To Armand de Quatrefages   23 August [1870]1

Down Beckenham | Kent [Bassett, Southampton]

Aug. 23. 187

My dear Sir

Under the present terrible state of public affairs, whilst private interests are as nothing, I have hesitated to write to you; but I hope that you will allow me to express briefly my cordial & lasting gratitude for the surprising & very kind interest which you have shown about my election to your Academy.2 It is almost a pity that you shd have been led to waste so much of your valuable time on this affair. As I shd not like to trouble M. Milne Edwards with a letter, I hope, if you have any fitting opportunity, that you will express to him my very sincere thanks for the honour which he has conferred on me.3 I see in the last number of the Révue that M. Edwards is inclined to believe that existing species are the modified descendants of extinct species.4 Such an admission seems to me very much more important than whether natural selection has been a more or less efficient means of change; though for my own part I shd never have been able to admit the evolution of species, unless I cd have partly explained to myself how the innumerable & beautiful adaptations, which we see all around us, had originated.

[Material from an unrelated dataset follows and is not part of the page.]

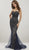 Panoply - 14930 Beaded Lace Sweetheart Trumpet Dress In Blue and Neutral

If I had been present when M Elie de Beaumont called my science frothy,5 I might have rejoined that my bubbles have not as yet all burst, whilst his two great bubbles of craters of elevation & the direction of mountain chains according to their age, have every where except in France, burst & vanished into thin air.6

With the truest thanks & respects believe me my dear Sir | yours very faithfully | Ch Darwin

P.S. I fear my next book, which will be published in 2 or 3 months, will greatly displease you, but I will send you a copy, as I am sure you will give me the credit of publishing only what I believe to be the truth, after mature consideration.7

Footnotes

The year is established by the relationship between this letter and the letter from Armand de Quatrefages, 18 July 1870.
CD refers to Quatrefages’s support for his candidacy for election to the French Académie des Sciences (see letter from Armand de Quatrefages, 18 July 1870, and letter to Armand de Quatrefages, 20 July [1870]). CD also alludes to the Franco-Prussian war, which had begun on 19 July 1870 (Wawro 2003, p. 65).
Henri Milne-Edwards had spoken in favour of CD’s admission to the Académie des Sciences (see letter from Armand de Quatrefages, 18 July 1870 and n. 5).
CD refers to the last but one issue of Revue des Cours Scientifiques, of 13 August 1870. It contained a resumé of all the points Milne-Edwards had made in favour of CD during the sessions of the Académie des Sciences when the admission of CD as a corresponding member was being debated (‘Opinion de M. H. Milne Edwards de l’Institut sur les travaux de Ch. Darwin’, Revue des Cours Scientifiques 7 (1870): 588–92).
According to the report in Revue des Cours Scientifiques, 23 July 1870, p. 529, an academician, believed to be Léonce Elie de Beaumont, shouted, ‘C’est de la science mousseuse’, a remark to which Quatrefages objected strongly.
CD refers to Elie de Beaumont’s support for a theory originally formulated by Christian Leopold von Buch that volcanoes were caused by pressure from below, which arched the strata into a dome-like formation until the centre collapsed and a vent was formed (Elie de Beaumont 1838; see also Correspondence vol. 3, letter to Leonard Horner, 29 August [1844]). He also refers to Elie de Beaumont’s theory that the orientation of a mountain chain was determined by the age of its formation (Elie de Beaumont 1831). In his Principles of geology (Lyell 1830–3), Charles Lyell vigorously opposed Elie de Beaumont on these subjects, and Lyell’s view came to be accepted by the majority of geologists. For more on Elie de Beaumont’s theories, see Gohau 2006, pp. 151–8.
CD refers to Descent; Quatrefages’s name appears on CD’s presentation list for the book (DAR 210:11. 32; Correspondence vol. 19, Appendix IV).

Bibliography

Correspondence: The correspondence of Charles Darwin. Edited by Frederick Burkhardt et al. 29 vols to date. Cambridge: Cambridge University Press. 1985–.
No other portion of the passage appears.